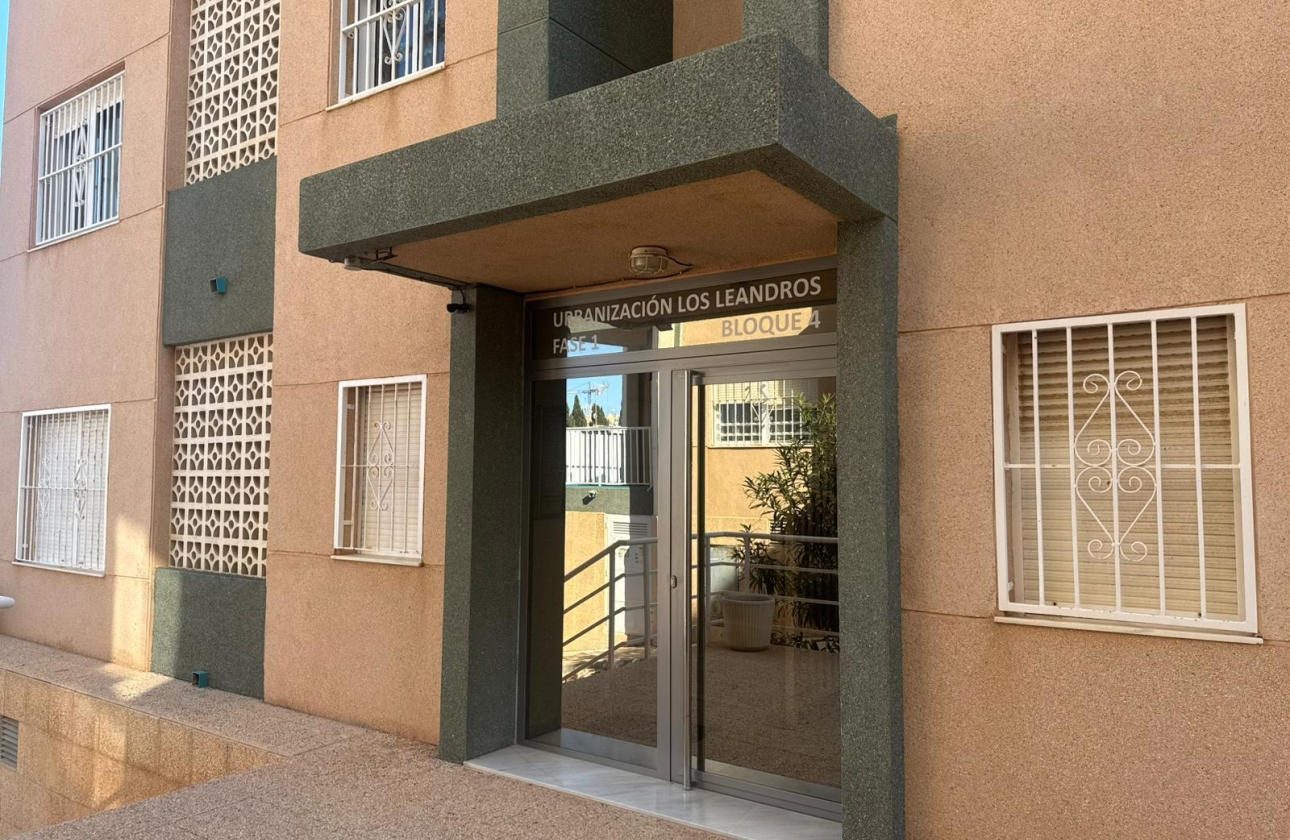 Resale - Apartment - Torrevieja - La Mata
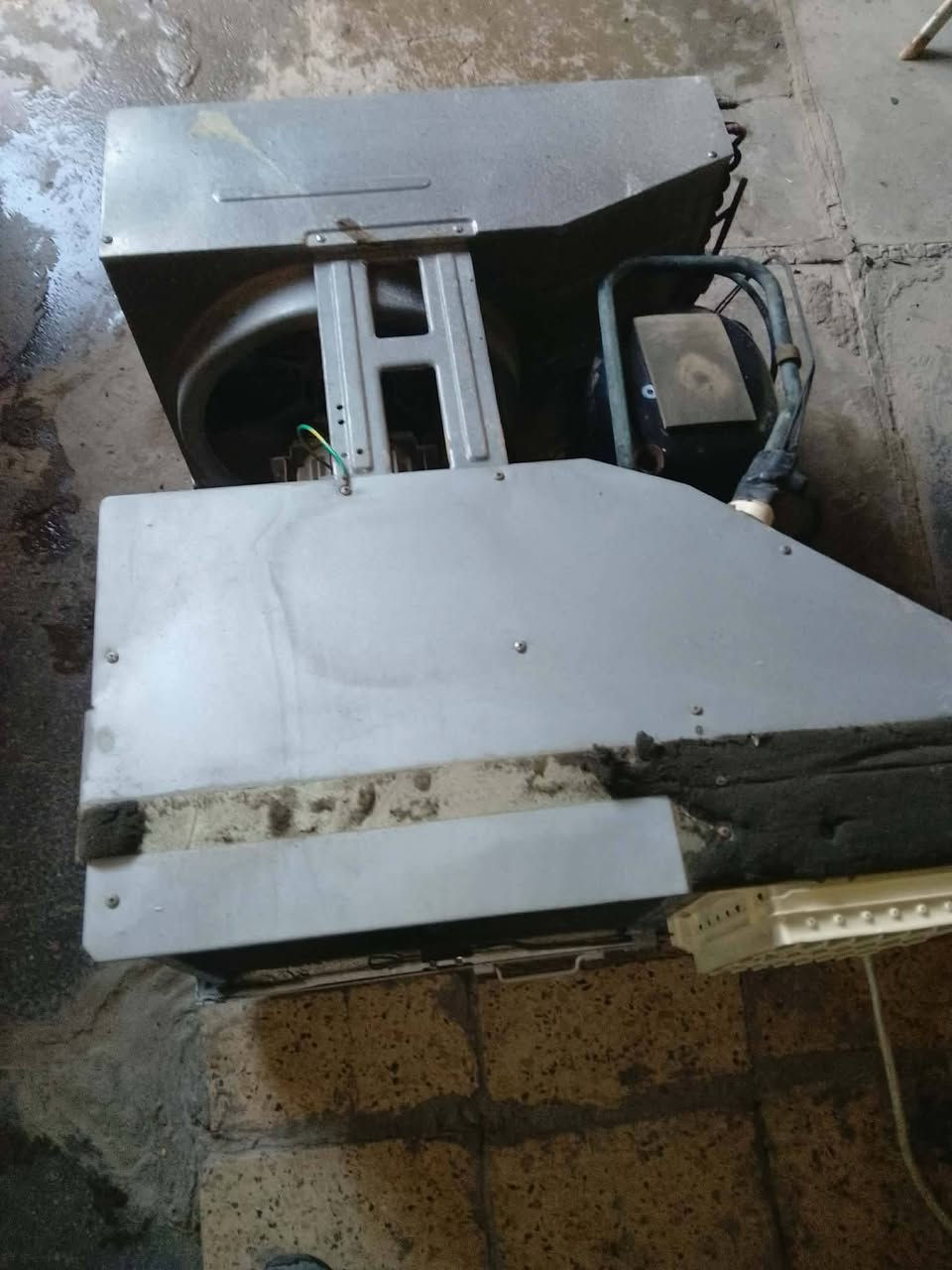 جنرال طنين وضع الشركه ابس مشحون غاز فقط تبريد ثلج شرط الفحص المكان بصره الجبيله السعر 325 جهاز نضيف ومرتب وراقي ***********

...

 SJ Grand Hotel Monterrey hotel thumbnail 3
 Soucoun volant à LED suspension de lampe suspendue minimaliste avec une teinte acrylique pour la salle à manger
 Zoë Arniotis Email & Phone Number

**What the task asks**. Look above for the line with "Resale - Apartment - Torrevieja - La Mata", then print it and each line after it down to and including the line with "جنرال طنين وضع". Leave out the pictures and keep the wording exact.

**Response to this exercise**.
 Resale - Apartment - Torrevieja - La Mata
 جنرال طنين وضع الشركه ابس مشحون غاز فقط تبريد ثلج شرط الفحص المكان بصره الجبيله السعر 325 جهاز نضيف ومرتب وراقي ***********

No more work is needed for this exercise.